■ **Task**: Exactly those lines that run from the one containing "Motor fara anexe" through the last line of the entries below should be printed, and no others.

■ **Records**:

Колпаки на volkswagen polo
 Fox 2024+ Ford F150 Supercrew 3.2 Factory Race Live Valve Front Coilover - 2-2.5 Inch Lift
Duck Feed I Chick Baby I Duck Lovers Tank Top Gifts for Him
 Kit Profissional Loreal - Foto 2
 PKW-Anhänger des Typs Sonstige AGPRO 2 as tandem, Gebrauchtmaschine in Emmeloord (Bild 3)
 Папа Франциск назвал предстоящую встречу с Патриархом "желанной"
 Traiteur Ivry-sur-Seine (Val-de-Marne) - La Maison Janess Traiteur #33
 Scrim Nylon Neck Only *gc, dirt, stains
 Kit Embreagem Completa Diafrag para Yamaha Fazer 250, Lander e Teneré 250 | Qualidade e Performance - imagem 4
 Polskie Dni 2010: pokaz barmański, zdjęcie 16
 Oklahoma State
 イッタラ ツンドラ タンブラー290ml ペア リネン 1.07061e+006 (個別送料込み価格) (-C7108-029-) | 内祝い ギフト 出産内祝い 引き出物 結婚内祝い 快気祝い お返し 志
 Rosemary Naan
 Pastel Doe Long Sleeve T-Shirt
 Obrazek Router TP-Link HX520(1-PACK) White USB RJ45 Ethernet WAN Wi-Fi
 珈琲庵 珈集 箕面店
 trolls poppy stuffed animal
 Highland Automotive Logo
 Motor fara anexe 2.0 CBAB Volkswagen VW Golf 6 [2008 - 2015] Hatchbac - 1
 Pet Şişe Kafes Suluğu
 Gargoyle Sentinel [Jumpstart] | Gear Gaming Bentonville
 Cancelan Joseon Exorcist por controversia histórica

■ **Answer section**:
 Motor fara anexe 2.0 CBAB Volkswagen VW Golf 6 [2008 - 2015] Hatchbac - 1
 Pet Şişe Kafes Suluğu
 Gargoyle Sentinel [Jumpstart] | Gear Gaming Bentonville
 Cancelan Joseon Exorcist por controversia histórica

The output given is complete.